Unverzichtbar, weil die Rede des Gastgebers oder Gastgeberin den Ton der gesamten Veranstaltung setzt: Sie nennt die Erfolge des zuendegehenden Jahres, macht die Zuhörer:innen zu einer Gemeinschaft und endet mit besinnlichen Worten für die kommenden Feiertage. Applaus, das Büffet ist eröffnet, die Sause kann beginnen.

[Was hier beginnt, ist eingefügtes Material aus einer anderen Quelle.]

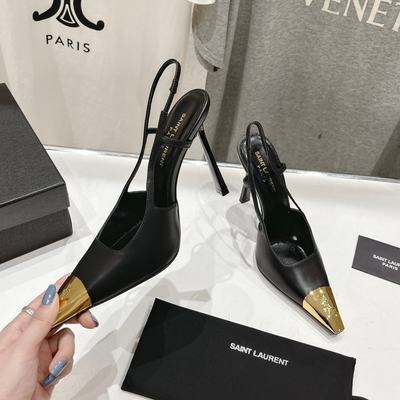 2024 New Saint Laurent VIP 1:1 Brand New Gold Square Toe High Heels Single Shoes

Aber vor den Applaus hat der Rhetorik-Gott den Beginn einer Rede gesetzt. Je nach Größe der Veranstaltung markiert durch einen Gong oder Glasgeklingel, Schritte zum Podium oder die Mikrofon-Übergabe. Oft folgt das Klopfen gegen das Mikrofon, Blick in die erwartungsvollen Gesichter, gerne noch die Frage: Hören Sie mich? Das Publikum reagiert mit vereinzelten Ja-Rufen, Unruhe, die sich wieder legt. Stille. Und in neun von zehn Fällen fallen dann Sätze wie diese:
„Ich will Sie nicht langweilen, aber ich will doch noch ein paar Worte sagen, bevor ….“
„Keine Angst, mein Manuskript umfasst auch nur 50 Seiten. Hahaha …“
„Unsere Kommunikationsverantwortliche hat mich leider dazu verdonnert, eine kleine Rede zu halten …“
Tja. Da steht also die Heldin des Augenblicks, der erfolgreiche Bereichsleiter, der gefürchtete CEO und macht sich vor großem Publikum gaaanz klein, beschwichtigt die Erwartungen wie ein Prüfling die Jury.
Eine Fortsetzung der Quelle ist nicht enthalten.